John Wells Snags Former Home of Francis Coppola

A stately English Tudor residence once owned by Francis Ford Coppola and located in L.A.’s ritzy Hancock Park has been sold for a mite more than $7 million to another showbiz heavy hitter: film, television and theater producer John Wells. With verdant views over the manicured greens and fairways of the Wilshire Country Club, and still possessed of much of its original architectural detailing, the faux-timbered 1920s residence has six bedrooms and seven bathrooms in roughly 6,000 square feet.

A grand, double-height foyer with split staircase leads to a step-down living room that features a 12-foot-high coffered ceiling with hand-stenciled insets and, under an also intricately stenciled ceiling, a baronial, wood-paneled formal dining room. More intimately proportioned and family-oriented spaces include a paneled study with fireplace; an informal dining room with a backyard view; and a chef-accommodating, premium-quality kitchen fitted with faux-antiqued cabinets. Marketing materials indicate Ariana Grande made use of a small recording studio discreetly stashed in the basement. The fastidiously groomed grounds offer expansive brick terraces and thick carpets of lawn, an outdoor fireplace and a swimming pool and raised spa between towering palms. The property was listed with Sheri Bienstock at The Bienstock Group; Wells was represented in the transaction by Lisa Hutchins at Coldwell Banker Residential Brokerage.

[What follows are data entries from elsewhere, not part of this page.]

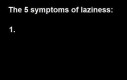 5 symptomów lenistwa
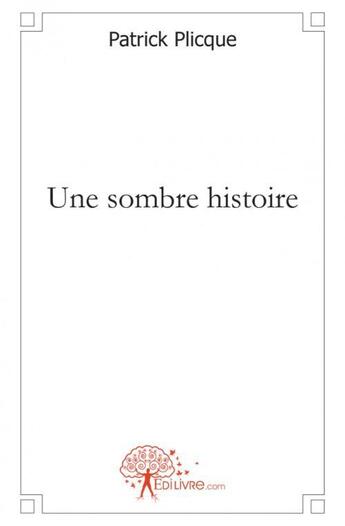 Couverture du livre « Une sombre histoire » de Patrick Plicque aux éditions Edilivre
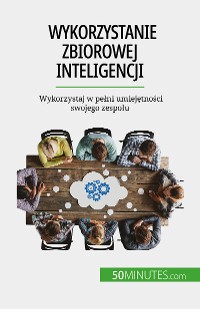 Cover Wykorzystanie zbiorowej inteligencji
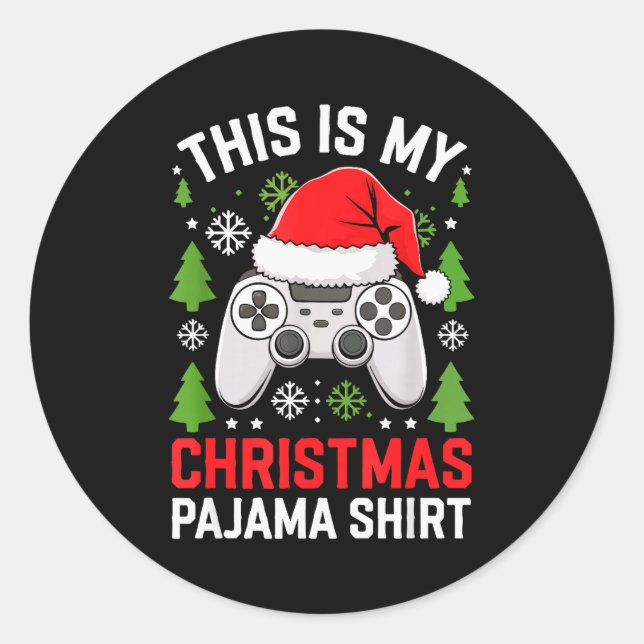 This Is My Christmas Pajama Shirt Gamer Teen Boy X Classic Round Sticker (Front)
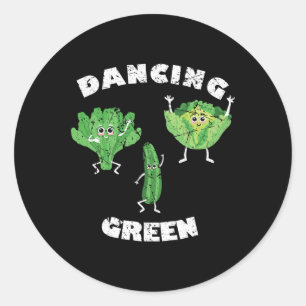 Dancing Green I Funny Vegan Vegans Vegetarian Vege Classic Round Sticker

The six-time Emmy-winning “ER” and “West Wing” producer, whose current slate of projects includes the “Shameless” and “Animal Kingdom” series, has a bit of a history selling luxury homes to other entertainment industry power players. Most recently, in late 2017, Brian Robbins, president of Nickelodeon, paid Wells just over $12.4 million for a lavish English Tudor mansion, also in Hancock Park. And about a dozen years ago, Wells sold a 1920s Mediterranean villa in the Laughlin Park enclave in Los Feliz — it had once been owned by Cecil B. DeMille — for almost $6 million to Legendary Entertainment honcho Mary Parent, who sold it late last year for $8.5 million.